A Sewing Kit and Other Threads . . .

 

This is my sewing kit. Yes, it is, laugh if you must. Inside an old ice-cream container sits: one pin cushion, a soft tape measure, a few spools of thread, some random buttons, a packet of needles (unopened), and those iron-on hemming strips. I believe the pin cushion belonged to my mother. I’m not sure how it made its way to me. I don’t sew.

A full five years or more after I moved here, while searching for a flexible measuring tape, I realized this sewing kit was still sitting in a cardboard box in my storage locker. It dawned on me . . . yeah, once upon a time I think I had a sewing kit.

As you’ve deduced, my sewing skills are non-existent. My mother once had a sewing machine (the kind you cranked by hand) and attempted to teach me and my sister to use it, but I quickly abandoned the idea. Same for embroidery and knitting. I had one piece of embroidery that I dragged along with me for a few grades when we had ‘sewing class’ in school (restricted to the girls while the boys played sports in the yard).
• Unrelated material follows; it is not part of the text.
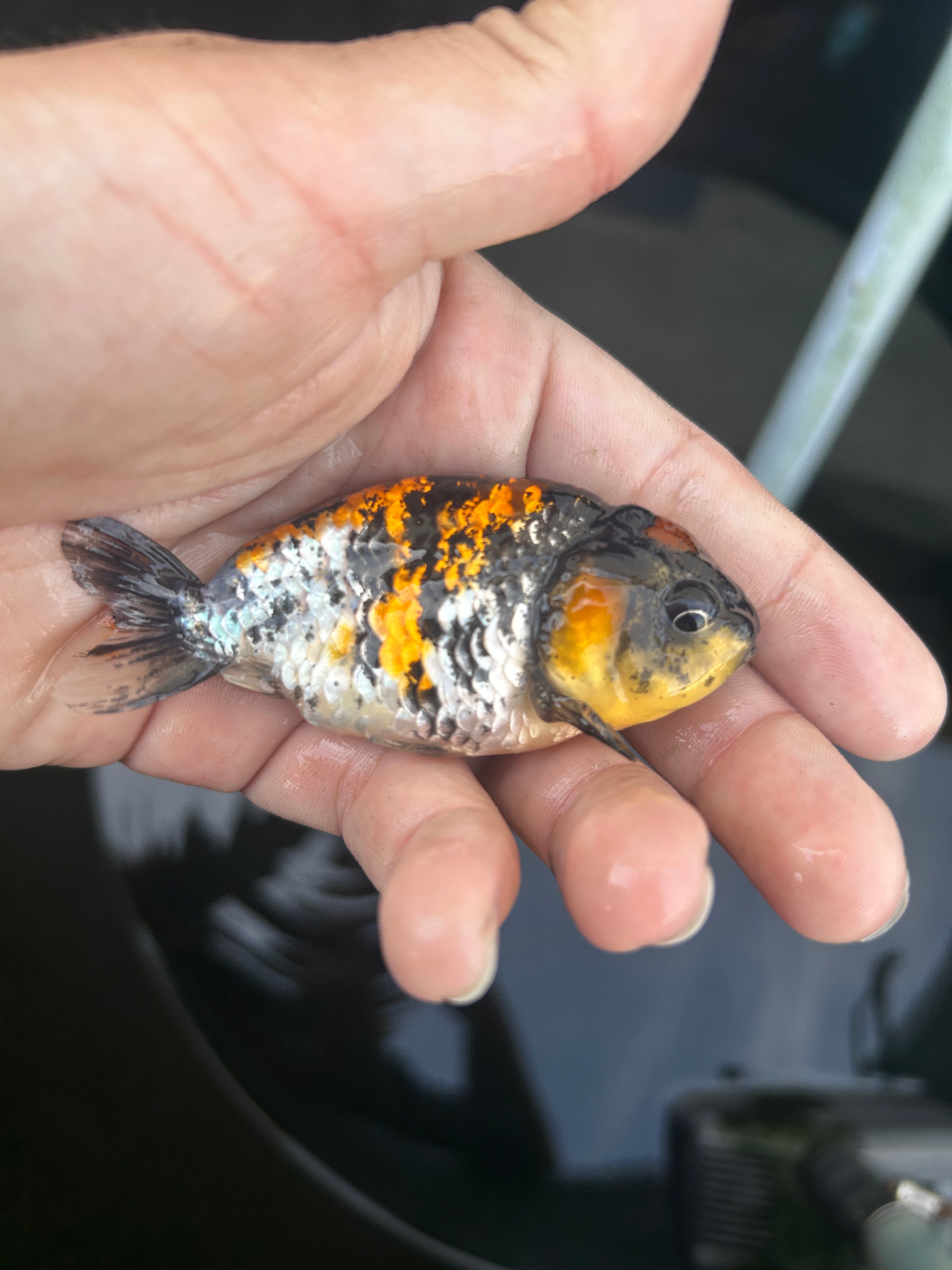 Live Premium Fancy Goldfish Ranchu Red Tiger 2.5" Body (JC-121) BlackTub #4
When no more than one corner of the embroidery piece was complete after about three years, I tossed it, unfinished (possibly into a garbage can).

I do not have any of the skills my mother had and I realize now I had a disdain for anything considered domestic. I didn’t want to acquire such skills because, in the arrogance of youth, I thought I would have no need for them. Domesticity was for others. I was destined for more.


Which brings me to the question: If we don’t aspire to have the skills or talent of others, do we then place lesser value on those people?

I admire and delight in others’ cooking expertise, eager to partake of the results. But I don’t aspire to be accomplished in the kitchen. I’m okay with being mediocre, haphazard, never following a recipe exactly, occasionally having a brilliant success, mostly just getting by.

But show me a writer whose pages I can get lost in, a painter whose work bedazzles me, an athlete (preferably a tennis player) whose feats astound me – and I’m agog with admiration, and yes, I aspire to do what they do.

Does this inevitably lead to passing judgment and evaluation on people? Do I consider a seamstress less admirable or valuable than a poet? Yet, there are people who evoke admiration even though I have no desire to do what they do:  Firefighters, doctors, nurses, teachers.

As much as we’d like not to, we invariably carry within us our biases. Are there varying degrees in which we place value on these skills, and is it ONLY about competence and talent? Or is it more than that?

Part of me is drawn to those who are fully invested in what they do; who bring their whole selves to it, without apology or pretension. Those who bring their inner selves, their interiority and vulnerability, struggles and triumphs, sweat and emotions, all in one glorious package, to their work and play.

Who are the people we admire, who would be our role models (if we were still at the age to have role models)? What makes us appreciate and value one person’s life work over another?

The answer, I think, gives us insight into ourselves. It says more about us than about them.